3
一日経ち、治療用の天幕にて朝早く目が覚める。未だ浅い疼痛はあるが、体の感覚からほぼ完全に回復したとヨクリは判断した。一つ一つはかすり傷のようなものだったし、最後に受けた背中の打撲も当たりどころがよかったようでレミン集落のときほどの激痛はなかった。
とはいえ起床には早い時間になったのは、薄幕の向こう側で物音が聞こえたからである。どうやらセフィーネが目を覚ましたようで、メディリカがせわしなく天幕の外と内とを行き来していた。隣のトールキンは昨日の夕方に一度覚醒したが、未だ疲労は深いようで眠りについている。ヨクリはしばし考え、出来ることはなさそうだったが、あまりに忙しそうだったのですれ違いざまにメディリカを呼び止めた。
「なにか手伝いましょうか」
「ああ、ヨクリさん。起こしてしまいましたか」
「大丈夫です。それよりも」
ヨクリがセフィーネのほうに視線をやると、
「ヨクリさんは体調の回復に専念してください」
返答の中にわずかな呼吸の乱れがあったので、ヨクリはその声を固く退ける。
「いえ、もう十分です」
「……本当ですか?」
訝る声に、ヨクリは靴を履いて立ち上がってゆっくりと筋を伸ばすなどして力の回復を示すと、メディリカは目を丸くした。
「人手が必要なら、ですけれど」
「助かります。ではそこの桶の水を変えて頂けますか?」
ヨクリは頷いて、治癒者の指示のもとで雑用をこなしながら凄腕の遠射手の様子をうかがう。女は痛みで暴れることもなく、落ち着いているようだった。時折漏れ出るまばゆい翡翠色はおそらく検査に用いられる施療図術の光だろう。

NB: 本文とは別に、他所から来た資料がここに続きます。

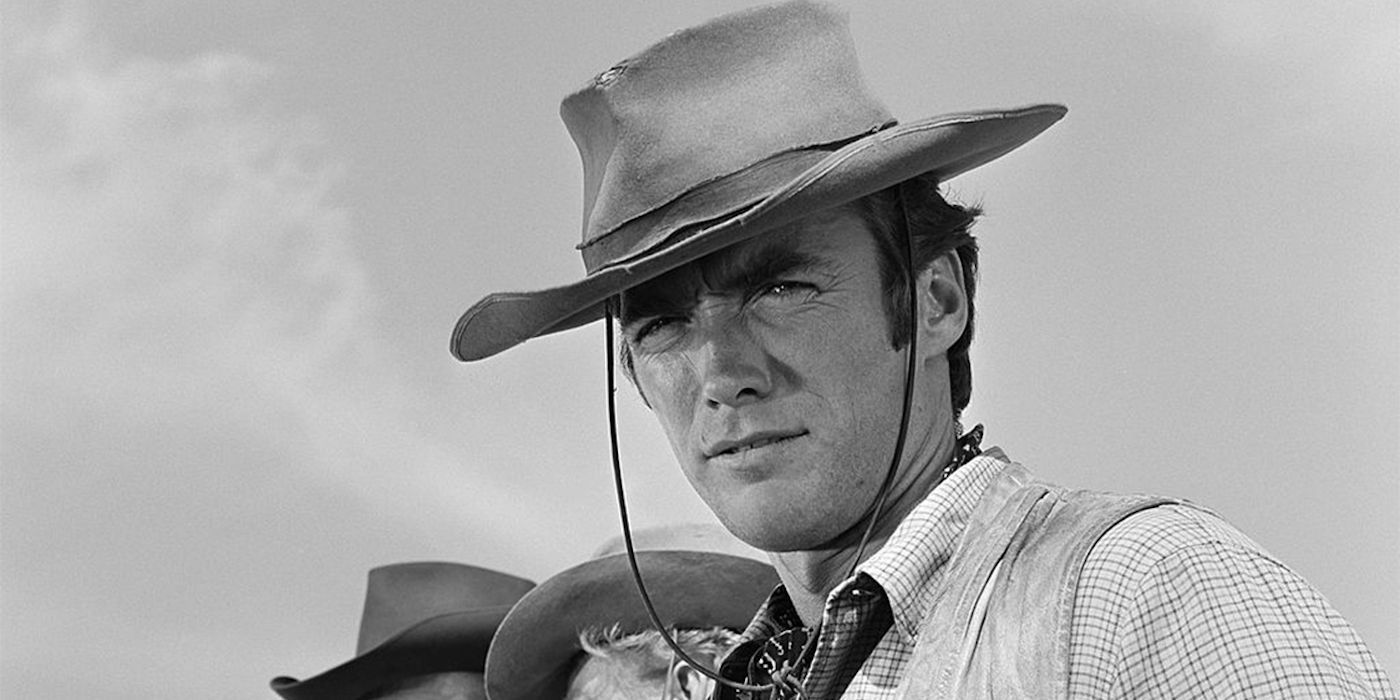 Clint Eastwood in Rawhide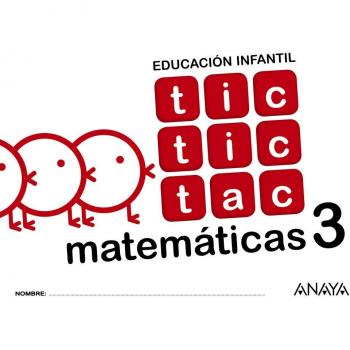 Tic tic tac Matemáticas 3. - 9788469829899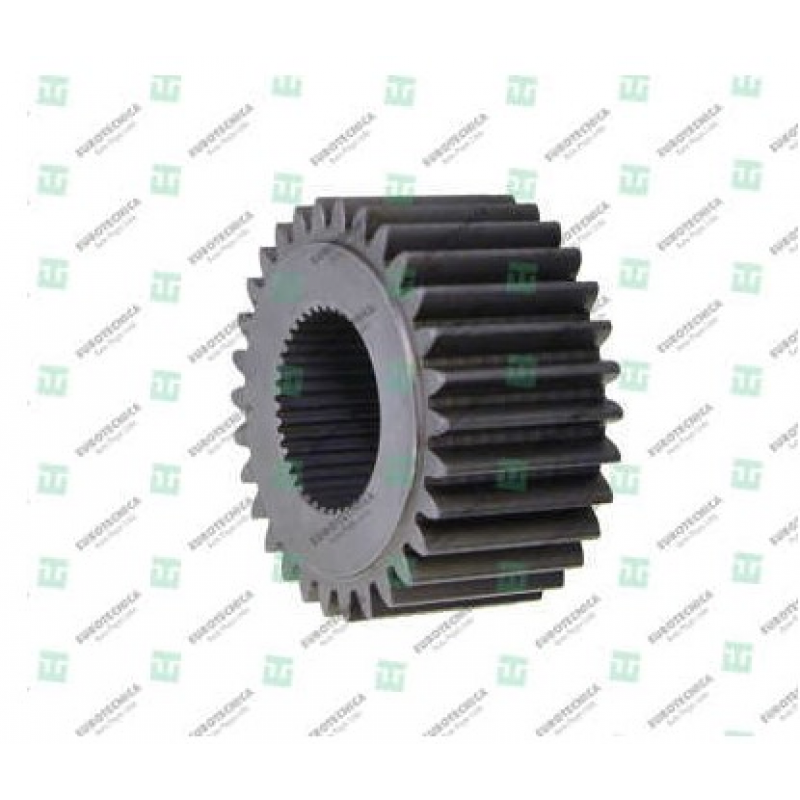 Engrenagem Solar Cubo Redutor 30 Dentes Mb Chassi Preto Euroricambi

そうして手伝いを終えるとすっかり陽も登りきる。遅い朝食を摂ったあとはメディリカから一応安静にしておくように言付けられていたヨクリではあったが、なぜか落ち着かず、当て所なく築き上げられた陣内をうろついていた。
探索に出て、這々の体で帰還して、ようやく一息つくと、意識していなかった時間の流れが目に見えてくる。何もなかった野獣の住処からここまで人間の気配を感じさせる集落になるとはと、ヨクリはしきりに感心していた。
また、変わったことがあった。一緒に戦ってきた具者たちと軽い談笑をするようになったことだ。ほとんど全員がヨクリへ好意的な対応をしてくれて、それは味わったのことのない体験だった。
(しかし、あれには参ったな)
ひどい目にあった、とヨクリは内心で毒づいた。ヨクリが天幕で戦いの意思を示したあと、人の輪の中でもみくちゃにされ、疲れ切った節々や傷口も平気で触られたことだ。背中をばしんと叩かれたり、頭を鷲掴みにされて撫で回されたり。それが次に訪れる戦いへの高揚と、好意からくるものだというのはヨクリにもわかっていたから悪い気はしなかったけれど。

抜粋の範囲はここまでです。